With two nights of processions, there is always a chance that someone will have to drop out from either one or other night and if any strong men would like to join the Los Costaleros, there is still time to become involved as the last training session will take place on Tuesday March 23rd and you will be most welcome to become one of Torrevieja’s unique brotherhood. For more details, please contact David McLachlan, on 966 700 056. 










Keith Nicol


----------



## owdoggy (Jul 23, 2008)

Thanks for the blog Steve, excellent:clap2: 

You know when you are young & people say that you're a "sponge for knowledge" well, since we came to Spain I have been the same about all things Spanish........ of course, the sponge is smaller & less absorbent than it used to be but the thirst for knowledge is still there and reading Steve's blog has set me off again

I really look forward to the day when my Spanish is good enough to be able to find out from local people (especially the older generation who are the real mines of information) er........everything basically ..........although they'll probably say "Here comes that daft Englishman who asks all those stupid questions"

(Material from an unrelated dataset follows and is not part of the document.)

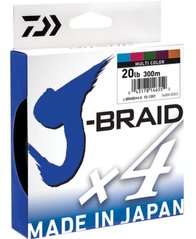 Шнур Daiwa J-Braid X8 Multi Color 300м. 56.0кг. 0.51мм., фото 1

And to keep this on topic, the first stupid questions will be about Semana Santa!



Doggy


----------



## SteveHall (Oct 17, 2008)

They won't - the locals will be DELIGHTED that you are taking an interest. Some of my best conversations ever have been with gap-toothed bisabuelas who tell me how life was "then" "in those days" .... often done without mentioning the "F" word. I could take you to bars where the bisabuelos play cards all day and would seem not to have a word to say BUT get them on "those times" or football or early cars or .... and they are quite fascinating. 

I am sure if you roared up on your 2 wheel monster and asked if anybody wanted a spin you would have friends for life.


----------



## SteveHall (Oct 17, 2008)

To show what a big deal the Holy Week / Semana Santa is this is the programe from the tiny town of Los Montesinos, Alicante (THEIR translations!) As you can see even for such a small town they really make an effort. (Pop 5,000 - DOUBLED in the last 10 years as 4,000 expats have moved in. Anybody want to work the maths?) 

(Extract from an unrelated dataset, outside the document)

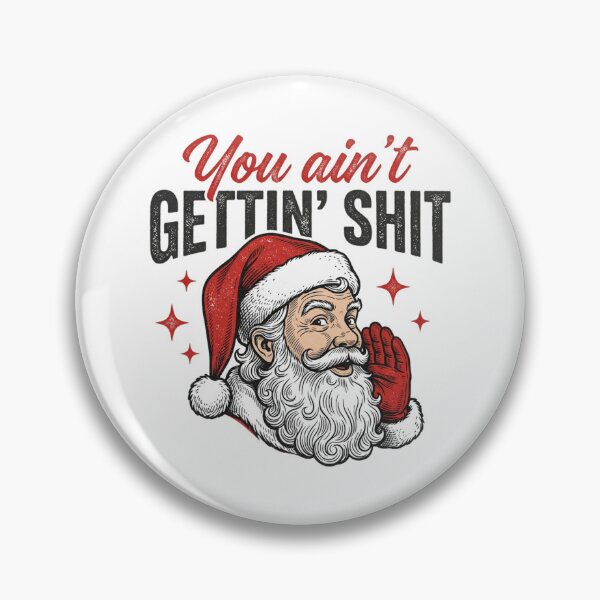 Item preview, You Ain't Gettin' Shit Funny Sarcastic Santa Naughty List Retro Christmas Art designed and sold by raedattia.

PROGRAMME OF EASTER EVENTS
SUNDAY 21ST MARCH
7:30 pm. In the auditorium of the School of Music and Culture, will be the Announcement of Holy Week 2010 by Dña. Dolores Followed by music from the Coral Aromas de Azahar.
WEDNESDAY 24TH MARCH
9 pm. In the Parish Church the celebration of Holy Mass in honour of the Cristo Yacente and the deceased of the confraternity. for the presentation of insignias to the new members of the confraternity.
THURSDAY 25TH MARCH
9 pm. In the Parish Church the celebration of the Holy Mass in honour of the Cristo de la Agonía and for the deceased of the a ceremony for the presentation of insignias to the new members of the confraternity.
FRIDAY 26TH MARCH
9 pm. In the Parish Church the celebration of the Holy Mass in honour of the Virgen de los Dolores and the deceased of the ceremony for the presentation of insignias to the new members of the confraternity.
SUNDAY 28TH MARCH
PALM SUNDAY
8:30 am. Celebration of the Eucaristía of the Parish.
11:30 am.Blessing and Procession of Palms. The Procession will end at the Parish Church with the celebration of Holy Mass.
HOLY TUESDAY 30 TH MARCH
10 pm. Celebration of “The Station of the Cross” through the streets of our village.
HOLY WEDNESDAY 31 ST MARCH
18 pm. HOLY MASS. Then celebration of penance (confessions).
START OF THE THREE HOLY DAYS OF EASTER
EASTER THURSDAY 1ST APRIL
6.30 pm. MASS OF THE LAST SUPPER
9.30 pm. HOLY HOUR OF THE PARISH
10.15 pm. SILENT PROCESSION
During this night, will be a vigil for the worship the Holy Sacrament.
EASTER FRIDAY 2ND APRIL
5 pm. CELEBRATION OF THE PASSION OF CHRIST.
10 pm. PROCESSION OF THE HOLY BURIAL.
EASTER SATURDAY 3RD APRIL
11 pm. SOLEMN EASTER VIGIL.
During which a celebration of the baptism of the children will take place.
SUNDAY 4TH APRIL
11 am. PROCESSION OF THE ENCOUNTER. To finish with the celebration


----------



## SteveHall (Oct 17, 2008)

..and Cartagena 

The Holy Week Processions in Cartagena

Easter is one of Cartagena's characteristic and unique exponents. The local holidays par excellence, it is lived to the full. It is the longest week of the year, as it is actually ten days: from Dolores Friday (before Palm Sunday) to Easter Sunday, ten days of populist rejoicing in which Cartagena becomes equally merry.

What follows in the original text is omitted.